Un tel afflux de livres, rassemblés au même endroit,
éventuellement sur plusieurs étages, la privait de tout discernement; c’était
trop de tout, et tout à la fois, d’un seul coup. Les livres qu’elle n’avait pas
lus, ceux qu’elle ne lirait jamais, et ceux, perfides entre tous, qu’elle
aurait dû avoir déjà lus, auparavant, dans les lointaines années de sa première
vie, tous les livres étaient là, en bataillons réglementaires, en régiments
assermentés, offerts et refusés, gardés par des créatures minces et bien vêtues qui faisaient, à l’entrée des
rayons, barrage de leurs corps policés. (…)
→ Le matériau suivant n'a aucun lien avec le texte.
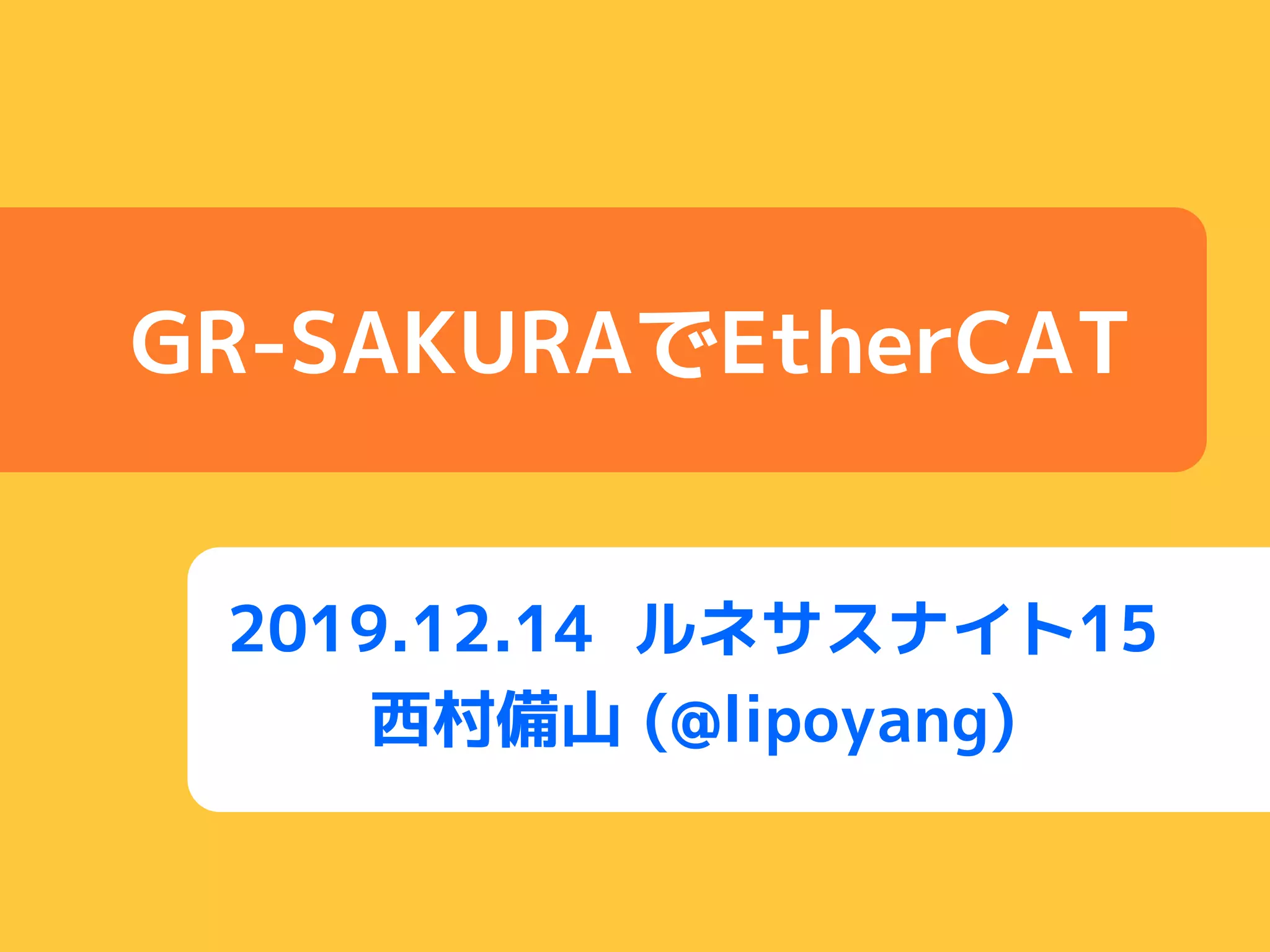 GR-SAKURAでEtherCAT
2019.12.14 ルネサスナイト15
西村備山 (@lipoyang)
 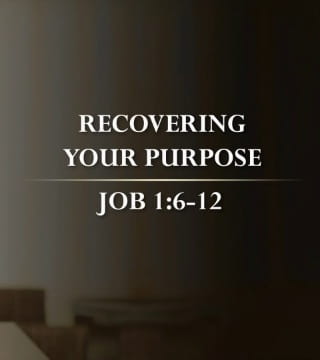 Tony Evans - Recovering Your Purpose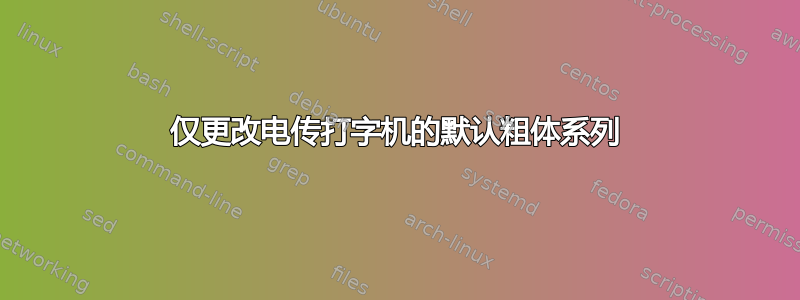 仅更改电传打字机的默认粗​​体系列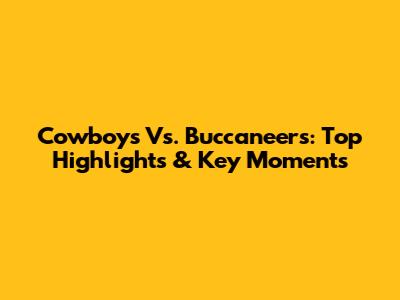 Cowboys Vs. Buccaneers: Top Highlights & Key Moments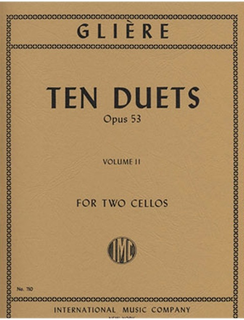 International Music Company Gliere, Reinhold: Ten Duets, Op. 53 Vol. 2 (2 cellos)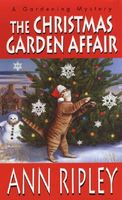 The Christmas Garden Affair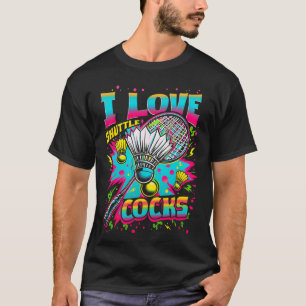 I Love Shuttles S Birdie Badminton Player Colourfu T-Shirt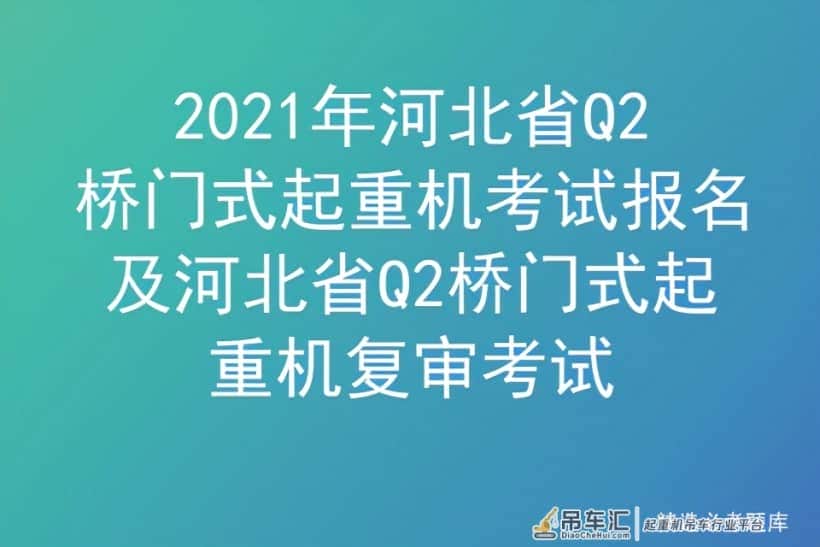 2021年河北省Q2桥门式起重机考试报名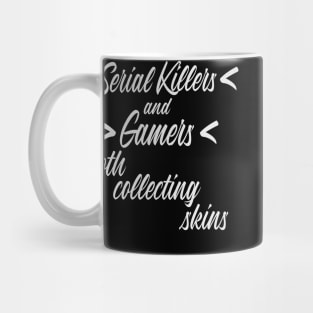 Gamer Serial Killer Killer Nerd Gambling Saying Mug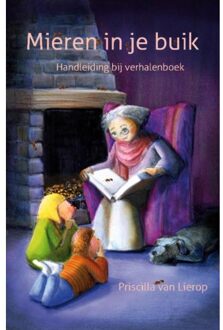 Piramidions Mieren in je buik - Boek Priscilla van Lierop (9491439278)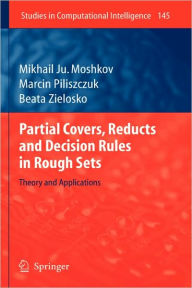 Title: Partial Covers, Reducts and Decision Rules in Rough Sets: Theory and Applications / Edition 1, Author: Mikhail Ju. Moshkov
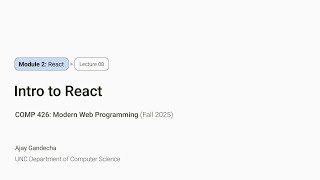 Modern Web Dev #8: Intro to React | COMP 426 @ UNC-Chapel Hill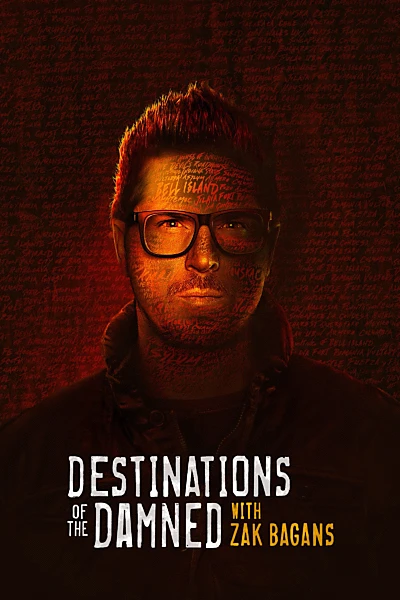 Destinations of the Damned with Zak Bagans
Claire, sitôt franchi le seuil fatidique, se défaisait, se liquéfiait, lamentable et démontée. Elle balbutiait des références inaudibles que la créature préposée daignait écouter, laquelle créature se révélait infaillible, élucidait le galimatias et, sans honorer la suppliante d’un regard, désignait d’un geste le livre quémandé qui reposait là, juste là, devant, devant vous, devant elle, là en piles, sur la table des œuvres au programme. Les livres coûtaient cher et elle en achetait le moins possible, se limitant aux manuels fondamentaux et aux textes de littérature française, latine ou grecque. Elle empruntait en bibliothèque les ouvrages de glose auxquels elle n’entendait le plus souvent à peu près rien, en dépit de ses lectures opiniâtres, crayon en main, en dépit des fiches hérissées de citations qu’elle tournait, retournait, triturait, malaxait. …
La redoutable épreuve des achats en librairie : (Les pays, Marie-Hélène Lafon, p.93.)